I welcome the debate, which although short, has been robust and fascinating. I welcome the fact that the Opposition are buying into some of the proposals in the Green Paper, which shows a willingness to develop a consensus for moving forward. Certainly, on pensions, the wider the consensus that we can achieve, the better. We look forward to hearing what else they have to say and what other parts of the Green Paper they agree with, because the motion is very narrow.
Many Members from all parties and many people outside the House are concerned about ensuring an appropriate level of protection for the interests of pension scheme members on wind-up, whether or not insolvency is the cause. That is partly because there have been high-profile cases to which right hon. and hon. Members have referred. My hon. Friend Kevin Brennan, Mr. Heald and others have talked about ASW.
If we value our voluntary system of private pensions, and we do, pension promises must be kept. That is an important part of the partnership. The question is how we can balance appropriate protection for members, which is tremendously important, with sufficient flexibility and the lowest possible costs, which will make the provision of pension schemes appealing to employers as well.
My right hon. Friend the Minister for Pensions set out our proposals for improving protection on wind up, so I shall refer to only one or two of them before I deal with some of the points that have been raised in the debate. In the Green Paper, we are already consulting on whether there should be a fairer sharing of assets between those with larger and smaller pensions when a scheme winds up. We are looking at capping the level of the highest payment where there are limited assets. In his opening remarks, the hon. Member for North-East Hertfordshire appeared to show some sympathy for that, so we look forward to the support of the Opposition on that proposal.
Where there is a wind-up of an underfunded scheme, we are looking into possible changes to the priority order, introduced in 1995 by the Conservatives, to ensure fairness for those affected. However, it is right that we should listen to what everyone affected might think of the proposals, as the National Association of Pension Funds noted in its parliamentary brief for this debate. Despite the calls for immediate action, citing the ideas of the NAPF, which we heard from Opposition Front-Bench speakers, the association itself says that further discussion with interested parties would be necessary to finalise the fairest and most practical solution. The NAPF does not suggest that we move immediately to producing a set of regulations but that we should get things right before we go forward. I approve of that.
The motion expresses deep concern at the current arrangements for dealing with pension funds affected by employer insolvency. As we have already heard, the Conservatives devised those arrangements, so it is touching that they are now championing workers' rights. I prefer to look at the Conservatives' record, however, and to judge them on the basis of what they did when they had the chance.
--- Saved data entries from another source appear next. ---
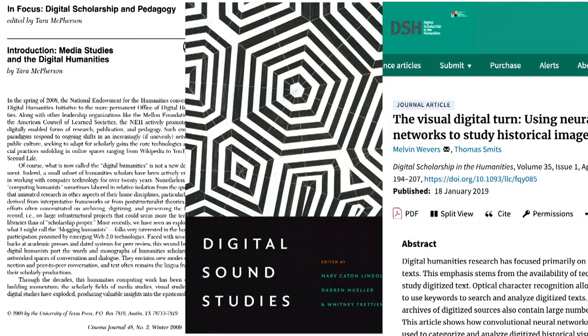One of the longer calls in digital humanities for media studies has been to start thinking across these different elements. While the computational methods have not always been at the same level — we had a great conversation with Melvin, whose piece on the visual digital turn talks about the computational affordances that have made image analysis and increasingly sound analysis possible — there have been calls in the field to think across these modalities, just not always with the computational ability to match those aspirations. I highlight a piece by Tara McPherson in 2009 saying media studies and digital humanities should be coming together, and we need to think across modalities.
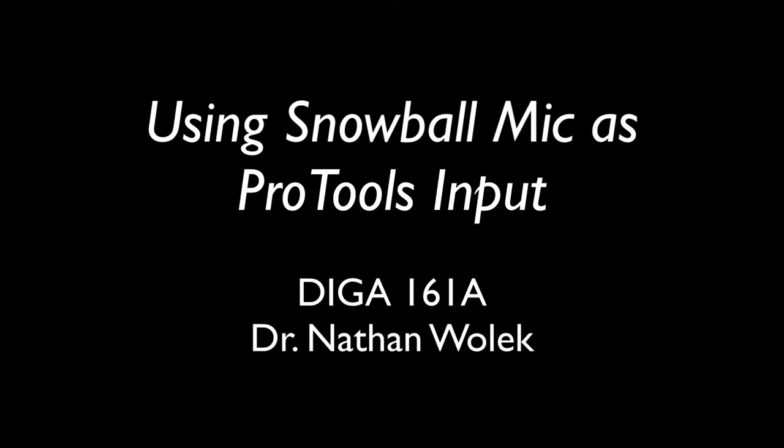This video is designed to help you either set up the Snowball mic or troubleshoot the Snowball mic if you're trying to use it with Pro Tools as an input in our Digital Arts Lab in Davis.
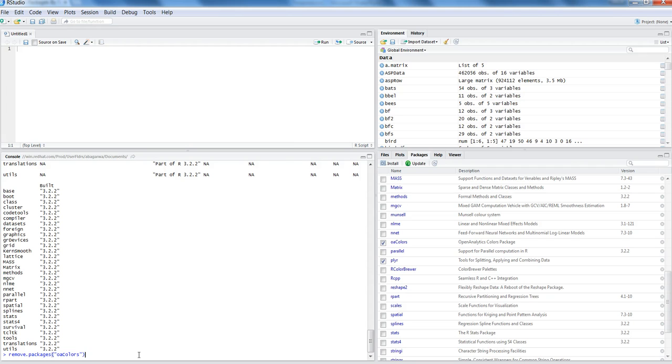This is pretty much all I wanted to discuss in this video about package operations within R. I hope you found this video useful and I'll meet you in the next video with a new topic.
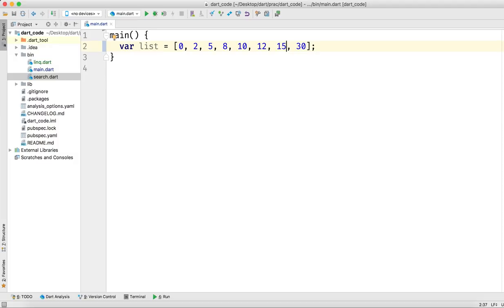Suppose we want to see if there is a number 8 in this list. As a human you can see that there is a number 8, but the computer does not understand until we perform some operations on it. This program doesn't know what's in the list before compilation. So we want to check if number 8 is present and what its index is.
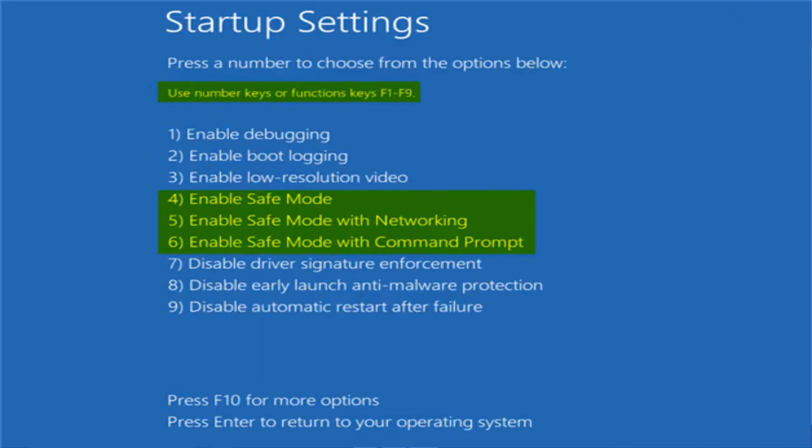Thereafter you will see three safe mode boot options. To enable it press the number that reflects that safe mode. I am pressing number 5, enable safe mode with networking. This starts the Windows in safe mode.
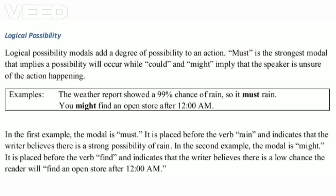Logical possibility modals add a degree of possibility to an action. Must is the strongest modal, implying a possibility will occur, while could and might imply that the speaker is unsure of the action happening. For example: 'The weather report showed a 99% chance of rain, so it must rain.' In this example, the modal is must, placed before the verb 'rain,' indicating a strong possibility of rain.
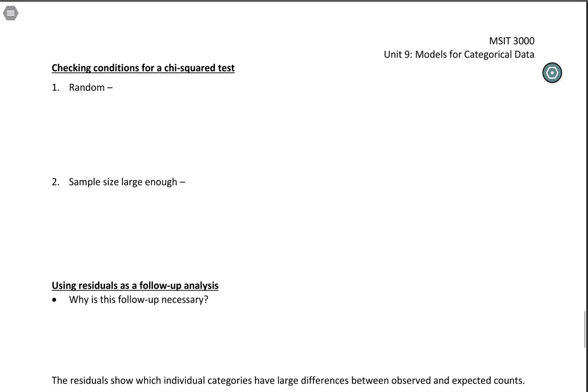Let's wrap up a few loose ends — things that apply to both the chi-squared goodness of fit test and the chi-squared test of independence.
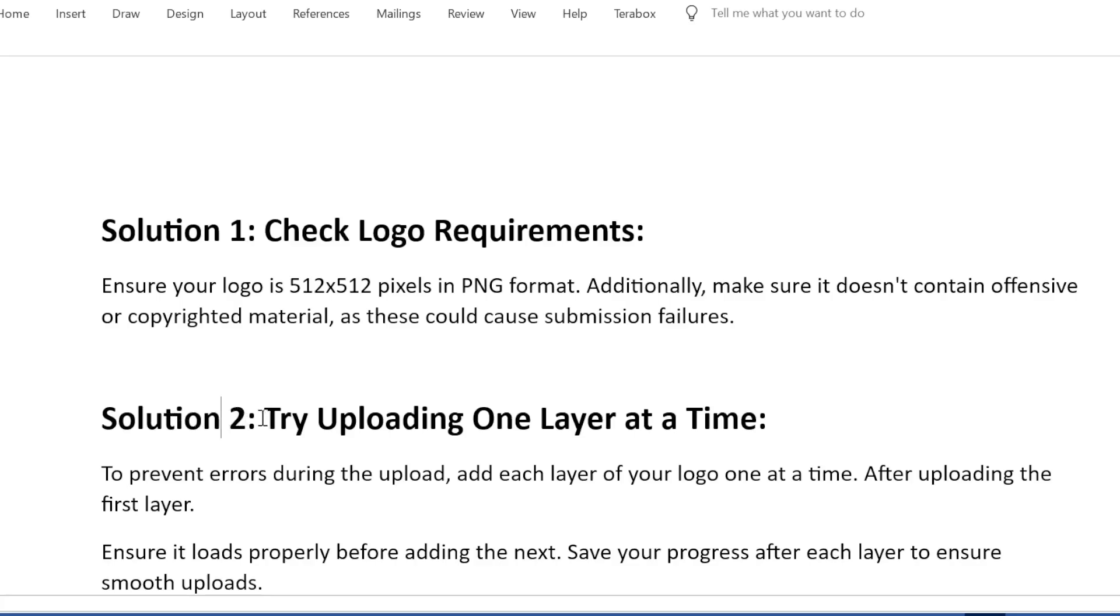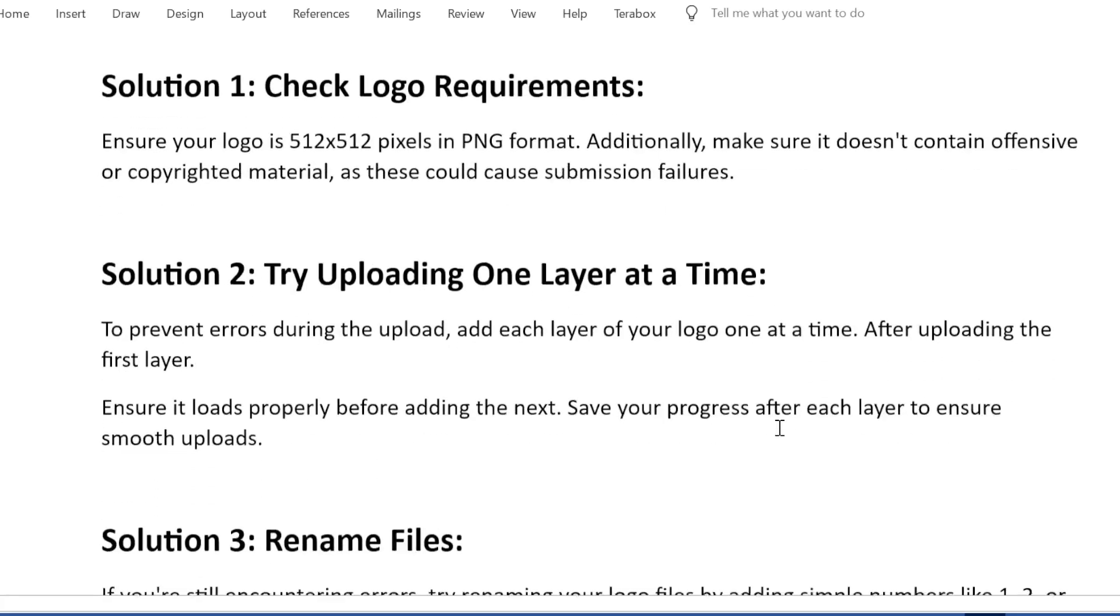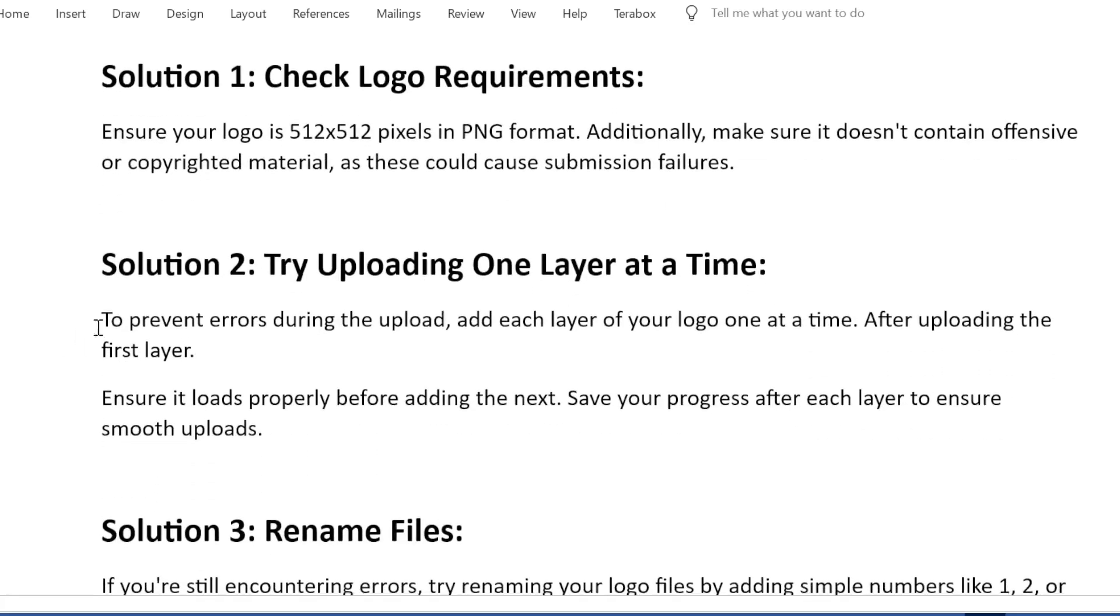Solution 2: Try uploading one layer at a time. To prevent errors during the upload, add each layer of your logo one at a time. After uploading the first layer, ensure it loads properly before adding the next. Save your progress after each layer to ensure smooth uploads.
During their 18 years in office, the Conservatives did nothing to enhance protection for workers affected by insolvency and redundancy and they themselves devised the order of priority between unsecured creditors on the wind-up of schemes that they now criticise. When prompted, the hon. Member for North-East Hertfordshire remembered that in fact he was responsible for that when he was an Under-Secretary at the former Department of Social Security. As Mr. Webb kindly reminded us, the responsibility did not lie only with the hon. Member for North-East Hertfordshire; both the current Leader of the Opposition and their previous leader were involved in setting out that order of priority.
It is not as though there was no pressing problem of company insolvency and redundancies during the Conservatives' time in office. They were engaged in systematically wrecking the private pension provision of millions of workers by promoting mass unemployment. That did not happen by accident; they did it on purpose. Creating mass unemployment was an instrument of economic policy for the Conservatives. They were also engaged—just for good measure—in allowing the mis-selling of private pensions on a truly staggering scale, so people who did not lose their jobs might have fallen foul of that.